Assignment - In the records below, find the line with "Blood In Stool", then retype it and every following line exactly, stopping after the line with "刘祥厦医生怎么样？刘祥厦医生案例". Leave the pictures out.

──────── Source data ────────

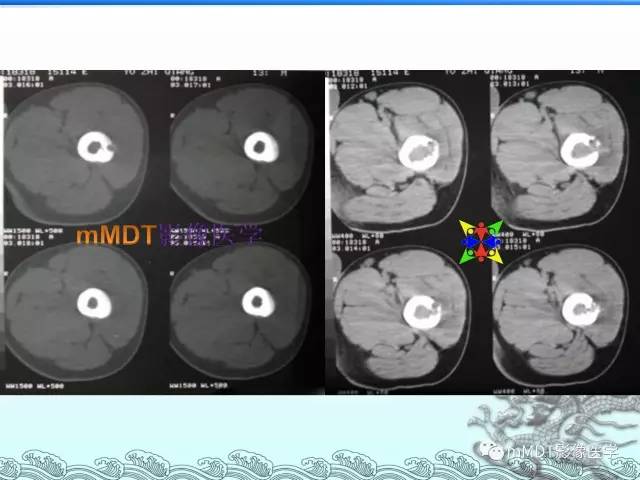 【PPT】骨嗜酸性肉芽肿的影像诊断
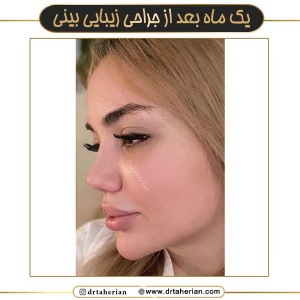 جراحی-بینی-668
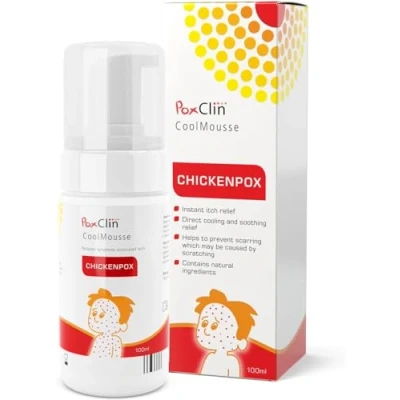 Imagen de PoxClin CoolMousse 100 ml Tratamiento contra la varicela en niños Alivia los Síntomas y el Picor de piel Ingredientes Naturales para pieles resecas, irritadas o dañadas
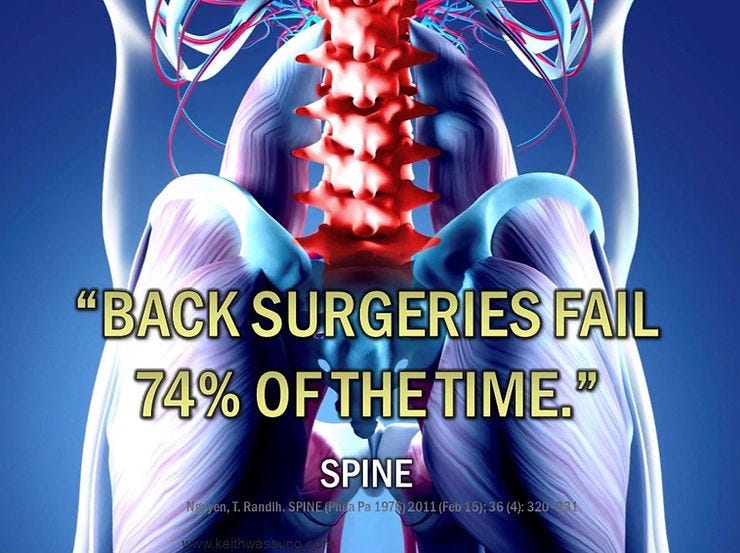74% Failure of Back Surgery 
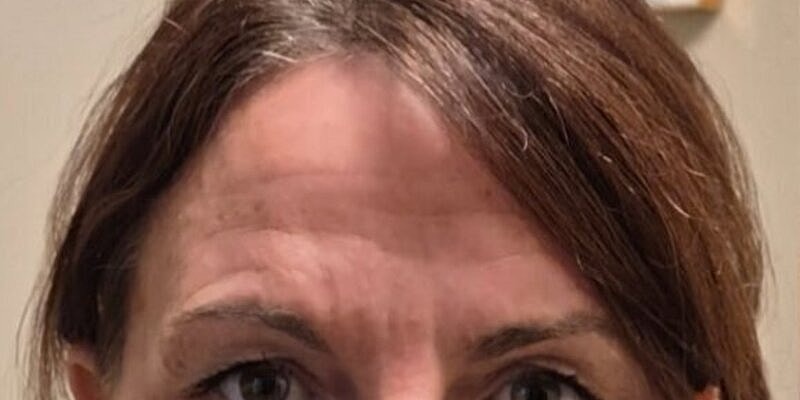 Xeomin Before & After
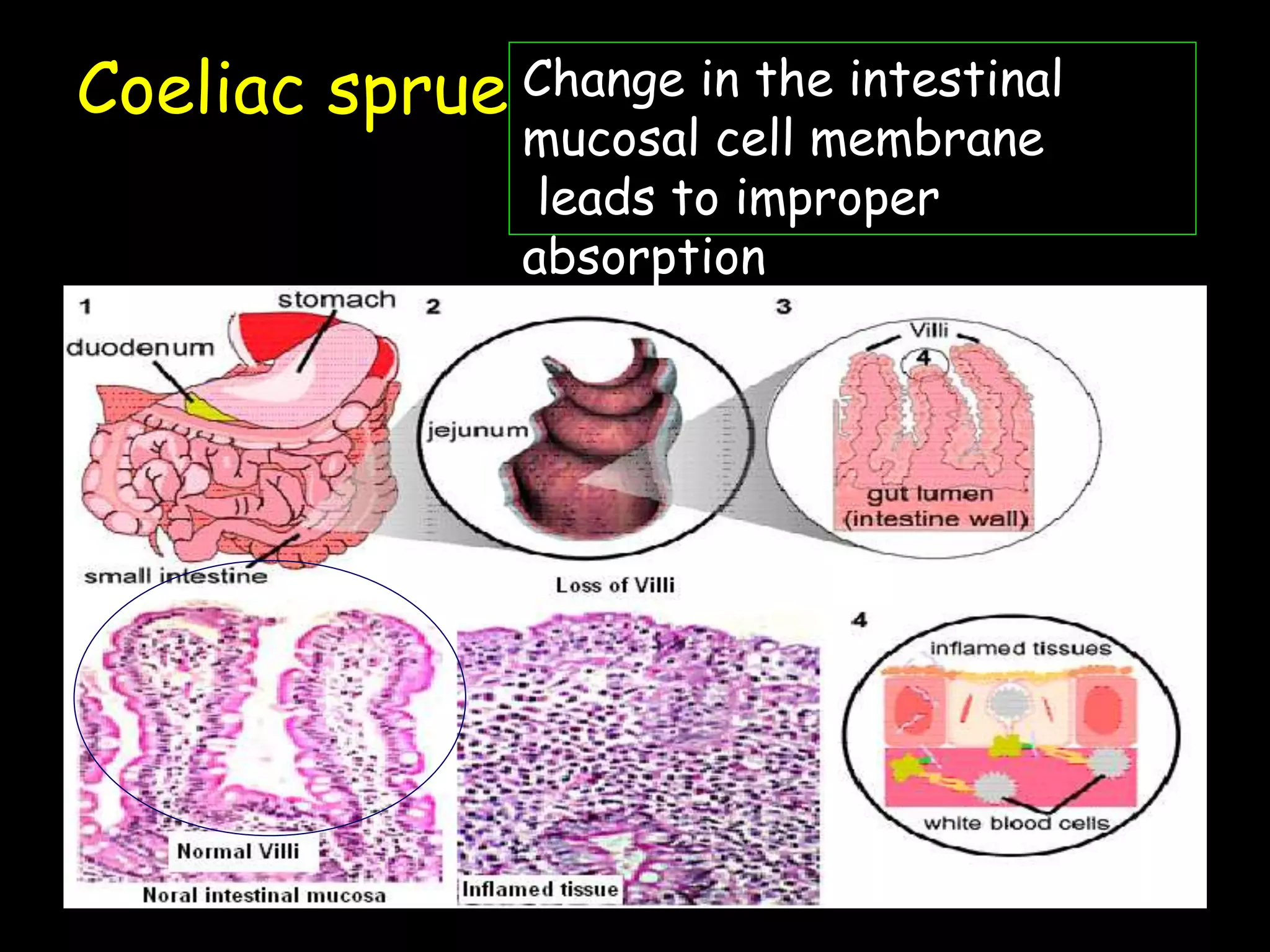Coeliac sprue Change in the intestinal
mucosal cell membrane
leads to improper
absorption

────────
──────── Source data ────────

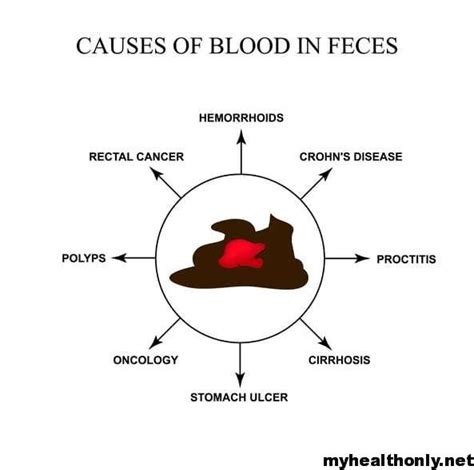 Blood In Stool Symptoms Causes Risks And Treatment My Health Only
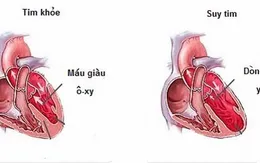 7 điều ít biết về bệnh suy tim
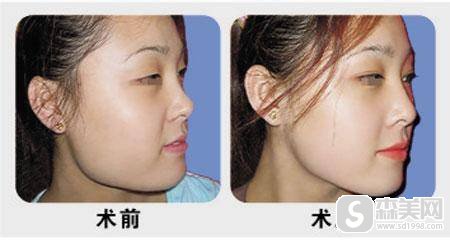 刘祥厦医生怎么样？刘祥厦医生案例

────────

Result -
 Blood In Stool Symptoms Causes Risks And Treatment My Health Only
 7 điều ít biết về bệnh suy tim
 刘祥厦医生怎么样？刘祥厦医生案例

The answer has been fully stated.